Start of Block

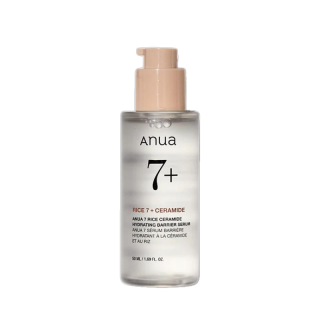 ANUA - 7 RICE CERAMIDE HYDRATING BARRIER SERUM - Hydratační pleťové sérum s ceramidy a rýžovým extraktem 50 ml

End of Block
Start of Block

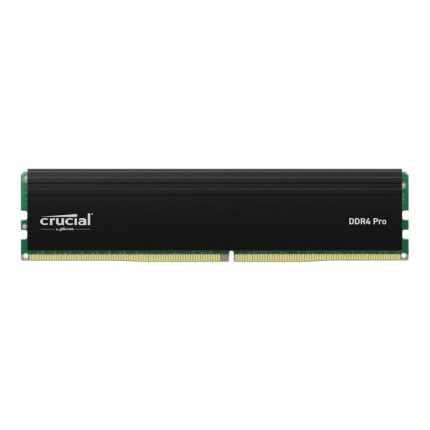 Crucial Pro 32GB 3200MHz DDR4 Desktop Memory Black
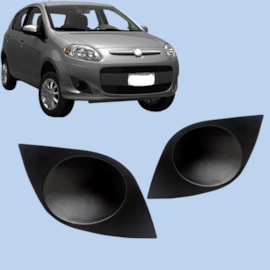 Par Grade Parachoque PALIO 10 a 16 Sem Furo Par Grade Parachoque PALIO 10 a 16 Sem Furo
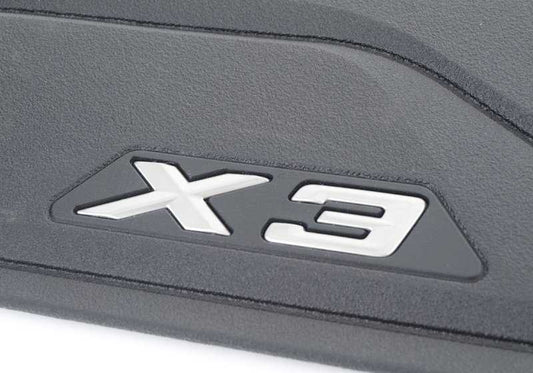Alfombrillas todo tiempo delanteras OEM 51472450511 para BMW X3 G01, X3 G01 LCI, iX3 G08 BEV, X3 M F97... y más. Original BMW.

End of Block

▶ WORK TO BE COMPLETED: If a picture sits between the line containing "Par Grade Parachoque PALIO 10 a 16 Sem Furo Par" and the line containing "Alfombrillas todo tiempo", leave it out, and return the lines of that range above exactly, both ends included.

▶ SOLUTION TO THE EXERCISE:
 Par Grade Parachoque PALIO 10 a 16 Sem Furo Par Grade Parachoque PALIO 10 a 16 Sem Furo
Alfombrillas todo tiempo delanteras OEM 51472450511 para BMW X3 G01, X3 G01 LCI, iX3 G08 BEV, X3 M F97... y más. Original BMW.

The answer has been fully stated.